By Yoojung Lee for
October 10, 2019
Arthur Cheong, who worked in oil trading before reinventing himself as a crypto fund manager, put money into a blockchain-based game called Axie Infinity last year.
The so-called play-to-earn game, where users can earn digital currency by taking part, was raising $864,000 through a private sale of its tokens. They cost 8 cents each at the time. They were worth about $124 as of Friday in Asia, according to CoinMarketCap.com, which translates into a gain of more than 150,000%.
Cheong said his fund invested more than $100,000, and declined to comment on how difficult it would be to exit. It’s an example of the kind of returns that are possible in his new area.
“We were actually one of the first few investors that saw the potential” in Axie Infinity, Cheong, 29, said in a video interview. Seeing “how fast it has grown definitely surprises us.”
But this is still early days in an uncharted and unregulated territory, one that’s exposed to many risks that could lead to big losses on investments. The returns are also far from the norm: The Bloomberg Galaxy Crypto Index was up about 185% this year as of Friday in Asia.
Cheong made the investment through his Singapore-based cryptoasset fund DeFiance Capital, which he set up last year after working in the trading department of the oil giant BP Plc. He says China’s crypto crackdown may actually help the decentralized finance that his fund invests in.
DeFiance Capital oversees money for wealthy individuals, according to Cheong. Other major investors are Cheong himself and Three Arrows Capital, the crypto investment firm started by former traders at Credit Suisse Group AG. Cheong declined to give DeFiance’s assets under management, but said it was a nine-digit number. He also declined to give details on the fund’s returns.
Like many in the crypto realm, Cheong is evangelical about its future. The fund invests in “DeFi eating traditional finance,” DeFiance Capital says on its website.
In DeFi, or decentralized finance, people can lend, borrow, invest and perform other financial functions on apps that use blockchain technology, cutting out the middle men like banks and brokers needed in conventional finance.
DeFi is more responsive to users’ needs and can innovate at a much faster pace than conventional finance, according to Cheong. But it’s also subject to political, regulatory and infrastructural risks.
“In the next five to ten years, the market share of traditional financial services will be taken away by DeFi,” he said.
The rapid growth of crypto has prompted pushback from governments, with China going as far as to ban cryptocurrency transactions last month and vow to root out crypto miners.
While China’s move adds to questions about the sustainability of the industry, Cheong argues that it could even work in DeFi’s favor.
“Centralized cryptocurrency companies are currently getting curtailed and restricted,” he said, referring to players such as exchanges. “Investors will look for decentralized alternatives, which would benefit the entire DeFi ecosystem.”
DeFi also faces regulatory risk. In the U.S., Securities and Exchange Commission Chair Gary Gensler has repeatedly stressed the need for greater oversight of crypto markets, while increasingly warning about DeFi. He said in May that DeFi platforms raise “a number of challenges” for investors and regulators.

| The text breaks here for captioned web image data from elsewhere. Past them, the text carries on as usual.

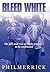 Bleed White: The fall and r...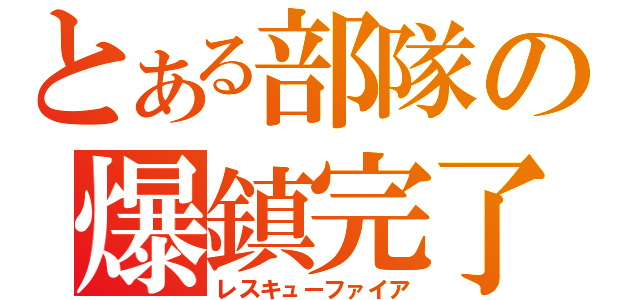 とある部隊の爆鎮完了（レスキューファイア）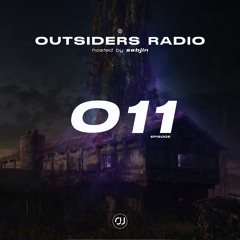 OUTSIDERS RADIO — EPISODE 011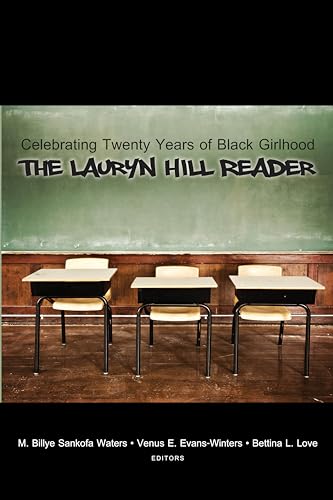 9781433157820: Celebrating Twenty Years of Black Girlhood: The Lauryn Hill Reader (Urban Girls)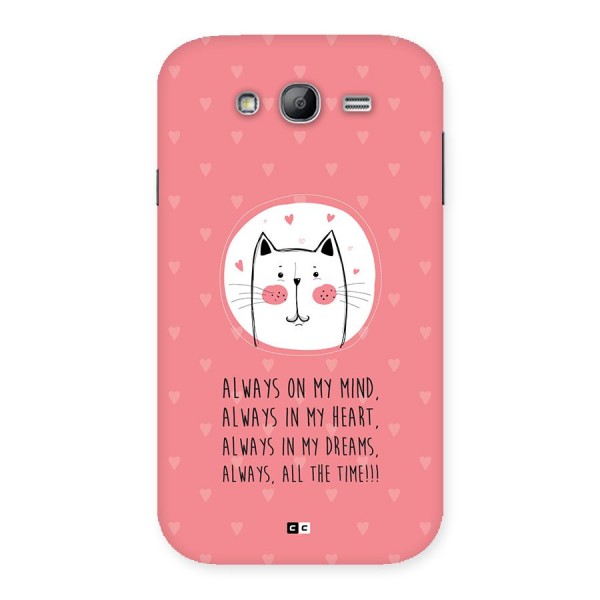 Always In Mind Back Case for Galaxy Grand Neo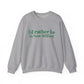 I'd rather be in New Milford. Unisex Heavy Blend™ Crewneck Sweatshirt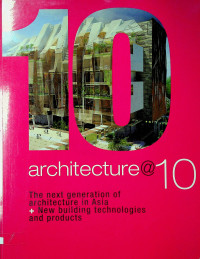 architecture@10 : The next generation of architecture in Asia + New building technologies and products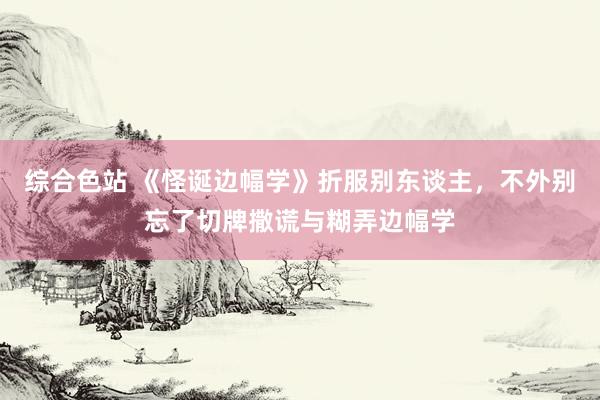 综合色站 《怪诞边幅学》折服别东谈主，不外别忘了切牌撒谎与糊弄边幅学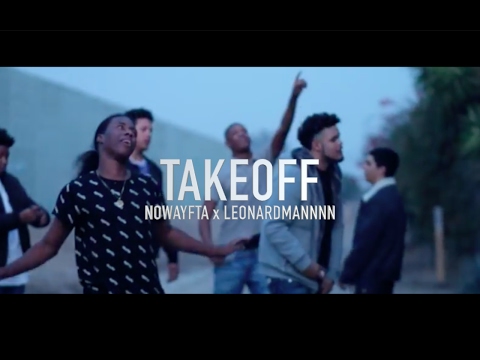Leonardmannnn x NoWayFTA - Takeoff (Official Video) Shot by @rwfilmss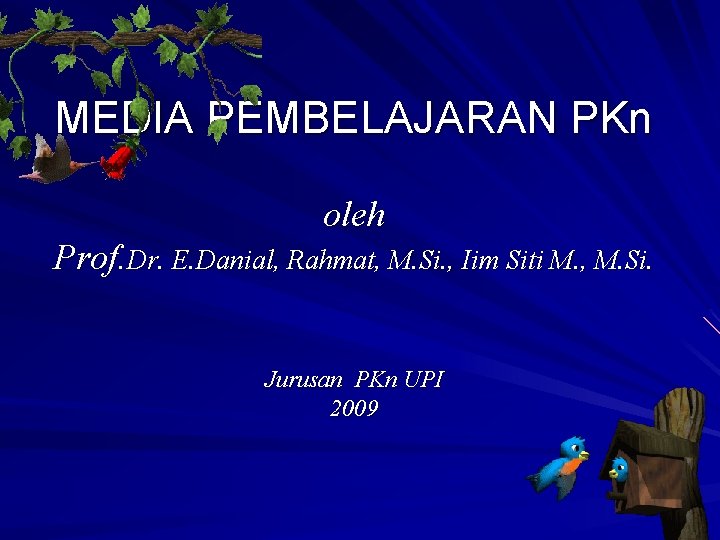MEDIA PEMBELAJARAN PKn oleh Prof. Dr. E. Danial, Rahmat, M. Si. , Iim Siti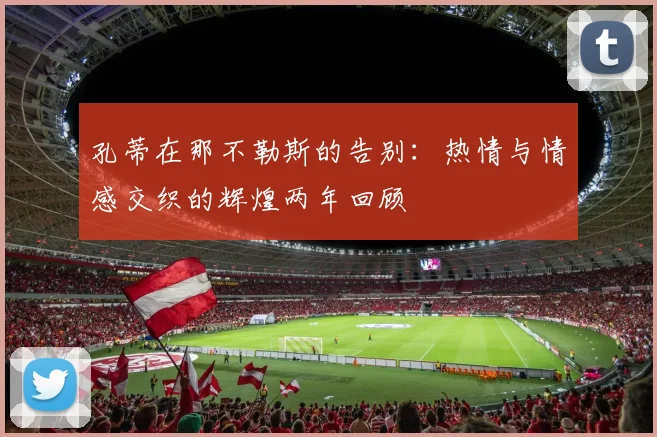 孔蒂在那不勒斯的告别：热情与情感交织的辉煌两年回顾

“Attempts to bring DeFi into the regulatory fold are inevitable,” said Lewis Cohen, co-founder of DLx Law, a U.S. law firm focused on blockchain and cryptocurrency. “The challenge will be how that effort will be implemented.”
The DeFi world comes with plenty of internal risks, as well. It sees regular glitches, from lending platform Compound’s mistaken token giveaway to continued trouble with the Pyth Network, a price feedbacked by some of the world’s best-known trading and exchange companies. And then there are the rug pulls, where developers abandon a project and abscond with the funds.
The cryptocurrency market remains small in Singapore compared to stocks and bonds, Tharman Shanmugaratnam, senior minister and chairman of the Monetary Authority of Singapore, said in response to a parliamentary question on April 5.
Of the 150 to 200 active crypto hedge funds globally as of the first quarter of this year, less than 5% of hedge fund managers were in Singapore, PwC said in its 3rd Annual Global Crypto Hedge Fund Report 2021.